SpaceX’s supplier mission to the International Space Station (ISS) suffered partial failure early morning on Saturday after a successful lift-off of its ferry cargo mission to the ISS. This is SpaceX’s fifth commercial resupply (CRS) mission to the orbital lab, which piggybacked on the Falcon 9 rocket and Dragon Space cargo.
The SpaceX mission saw a successful launch from the Cape Canaveral early morning today, after having been postponed twice from its earlier launch date of December, 19, 2014. The main mission was to carry cargo to re-stock the ISS with more than 5100 pounds of food, supplies and equipment. This is the fifth commercial re-supply (CRS) mission undertaken by the Hawthorne based company whose full registered name is, ‘Space Exploration Technologies Corporation’.
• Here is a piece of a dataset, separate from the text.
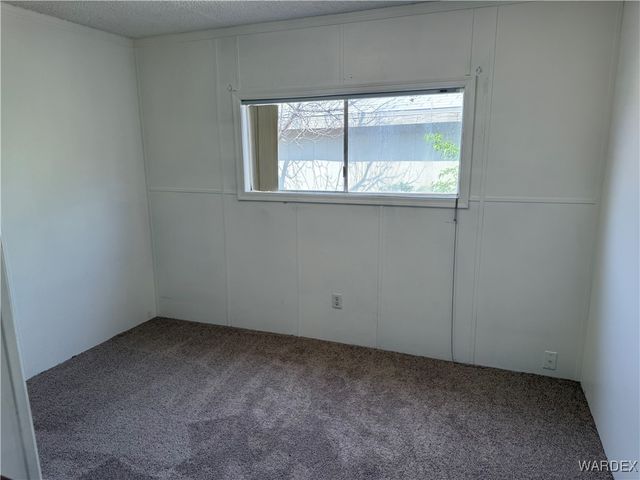 3315 W Gordon Lane, Golden Valley, AZ 86413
Even though the Dragon Cargo Capsule was successfully launched into space and is now expected to dock with the ISS, the leftover rocket booster’s re-landing could not be successful. Elon Musk, who was visibly disappointed tweeted:
Rocket made it to drone spaceport ship, but landed hard. Close, but no cigar this time. Bodes well for the future tho.
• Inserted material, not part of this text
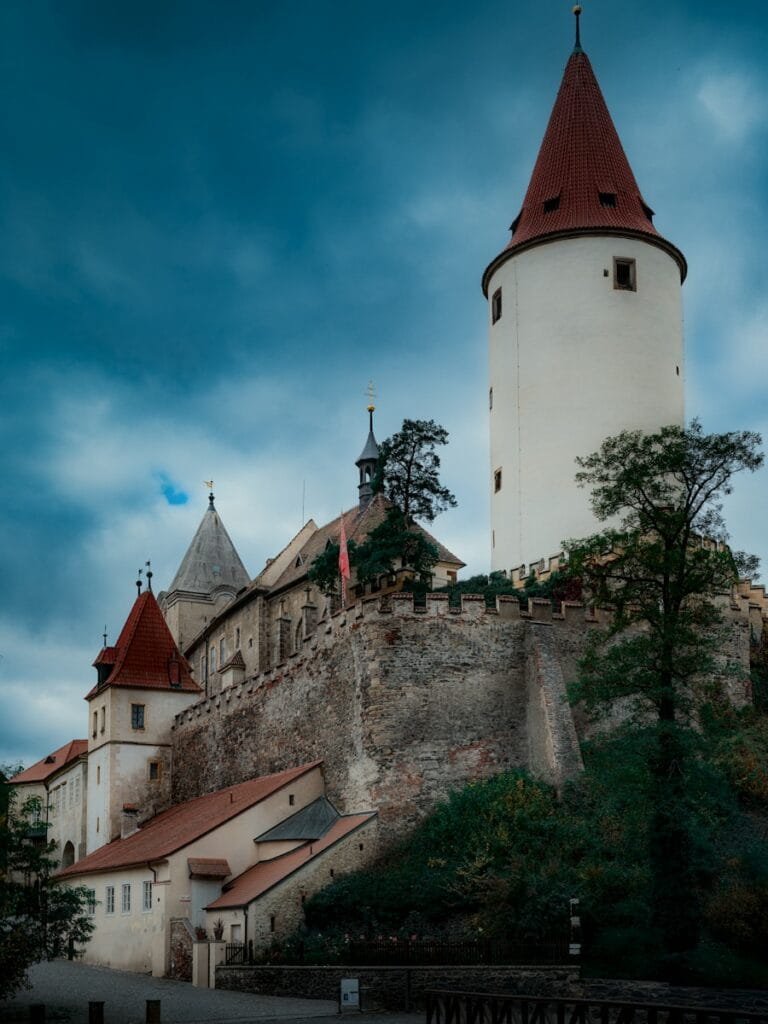 Historische Perle in Mittelböhmen: Die königliche Burg Křivoklát im Pürglitzer Wald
— Elon Musk (@elonmusk) January 10, 2015
In a first of its kind, SpaceX attempted to land its mission’s leftover rocket boosters on a 300×100 feet sized barge (with the width stretchable to 170 feet) that was floating in the open Atlantic Ocean about 200 miles off Jacksonville, Florida., north of the Cape Canaveral Air Force station launch site. However, Musk was accepting of the result as he himself was aware that there was only a 50-50 chance of a successful re-landing. A ship near the re-landing site attempted to videotape the event, but not much could be recorded owing to ‘dark and foggy’ conditions.
Elon Musk, the billionaire founder of companies such as PayPal and Tesla Motors currently focuses on developing re-usable rockets that could be used for multiple flights. Currently available technology cannot avoid the damage that is caused to a rocket’s boosters, which get too burnt out or damaged for reuse. This makes space missions very expensive and SpaceX endeavors have been to reduce such expenses. For years, Elon Musk has devoted his company’s resources towards developing reusable rockets.
SpaceX is the first commercial company to undertake a resupply mission to the ISS. NASA had appointed two commercial companies for its re-supply missions after its space shuttle program was scuttled in 2011. The other company, ‘Orbital Sciences Corp. was sidelined in October after its Antares rocket exploded minutes after liftoff.